But if there was a bona fide horror film in the genre-transitioning months between the Lugosi and Karloff splashes, it was Paramount’s Murder by the Clock. It boasted two kinds of menaces — the alluring, soul-sucking exotic of Dracula and the lumbering, unthinking killer of Frankenstein – even if, within Clock, they weren’t the same character (or gender). This film had its own potential breakout Hollywood villain – praised, as were Bela and Boris, as a thespic chameleon, but who had no desire to be typecast. This explains why many Monster Kids might hear the name “Irving Pichel” and ask, “Who?”

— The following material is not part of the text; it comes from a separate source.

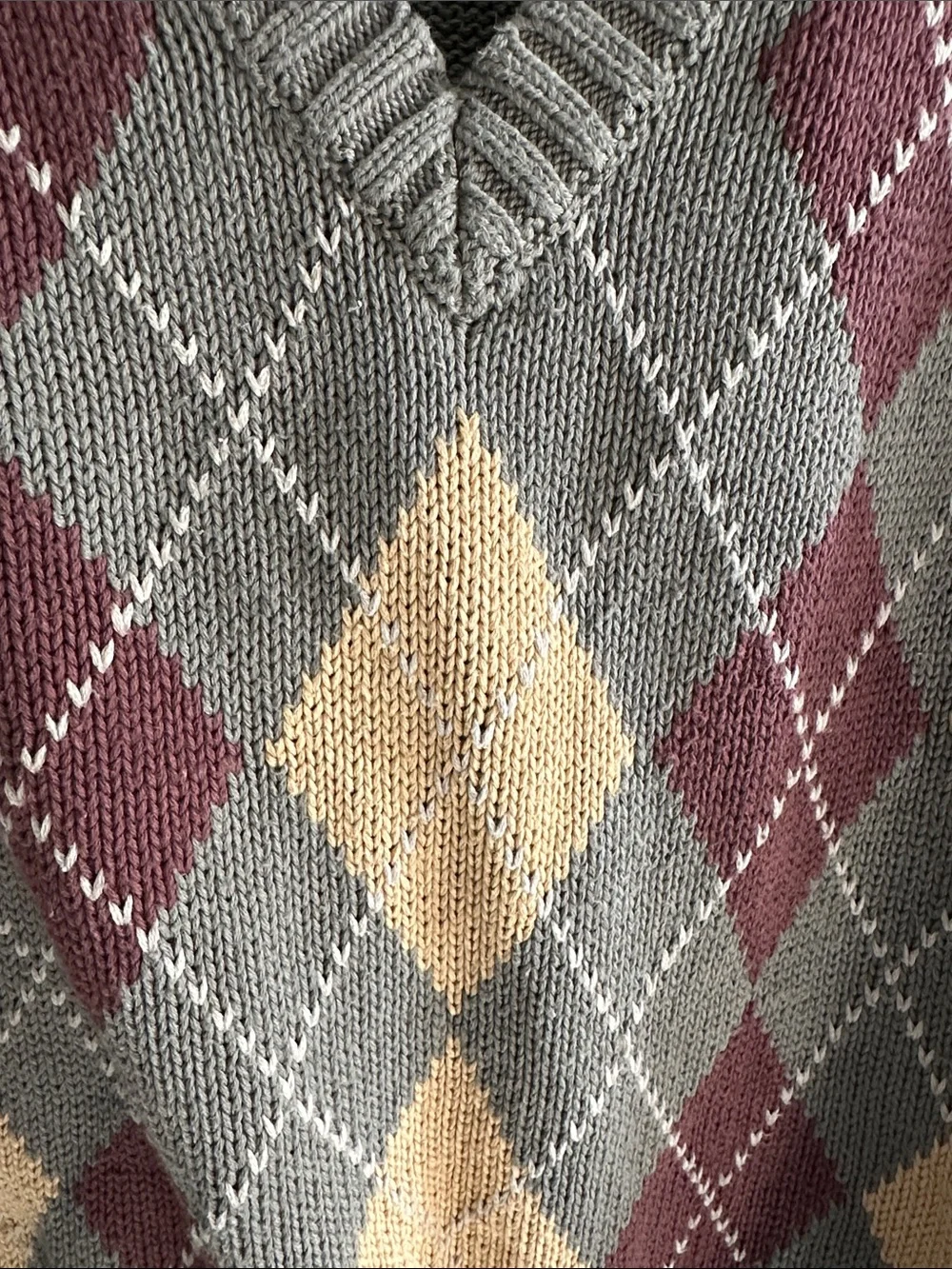 GAP boys Argyle V-Neck Sweater Vest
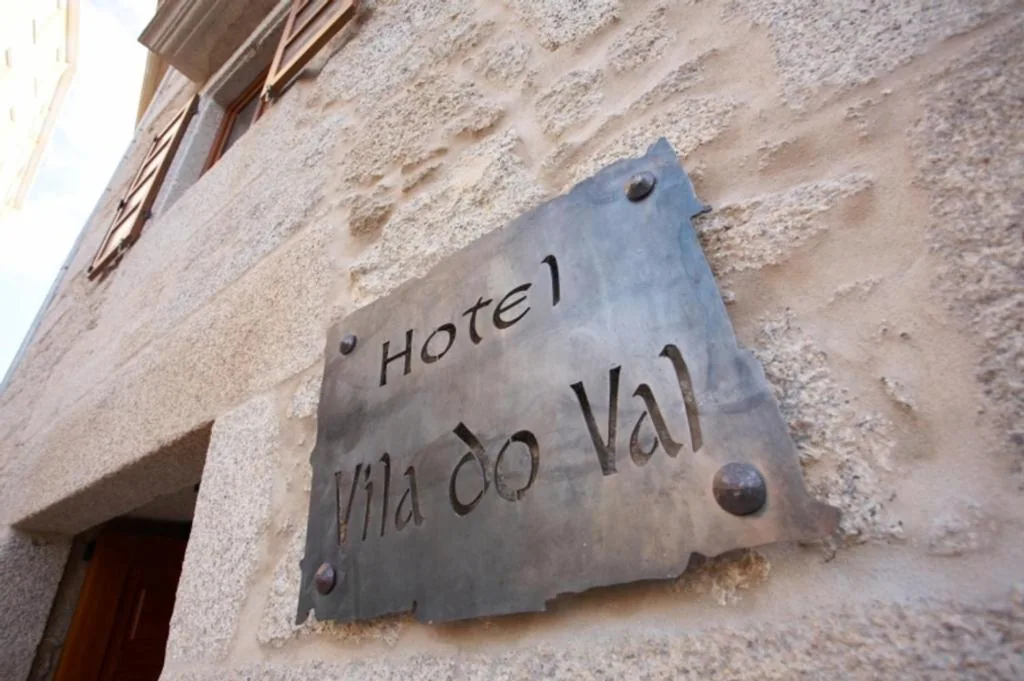 Standardzimmer – 1 großes Bett — Hotel Vila do Val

Scarcely seen now (although perhaps not impervious to Google search), Murder by the Clock premiered in July 1931. It is a tale of a man murdered twice (!) within the space of a few hours in a spooky mansion that houses a half-witted, cackling, violence-fixated brute (Pichel) and his stern mother (Blanche Friderici), whose morbid fear of being buried alive has motivated her to install a creepy, foghorn-like alarm in the family mausoleum. (A Los Angeles Times reviewer described the gizmo as having “the most distressing sound of all time.”)

As an entertainment property, Murder by the Clock was hardly unknown, for Paramount had bought and adapted the eponymous 1929 mystery novel by popular whodunit scribe Rufus King. King was best known for his series of stories involving Lieutenant Valcour, a crime-solver in the Philo Vance vein. The studio’s mixing of plot elements with Dangerously Yours, a novel by Charles Beahan, resulted in Valcour (played cynically by William “Stage” Boyd) investigating strange doings pertaining to the Endicott family. Valcour is seduced by Laura Endicott (Lilyan Tashman), the greedy, unfaithful wife of an alcoholic cousin (Walter McGrail) to the mentally deficient Philip Endicott.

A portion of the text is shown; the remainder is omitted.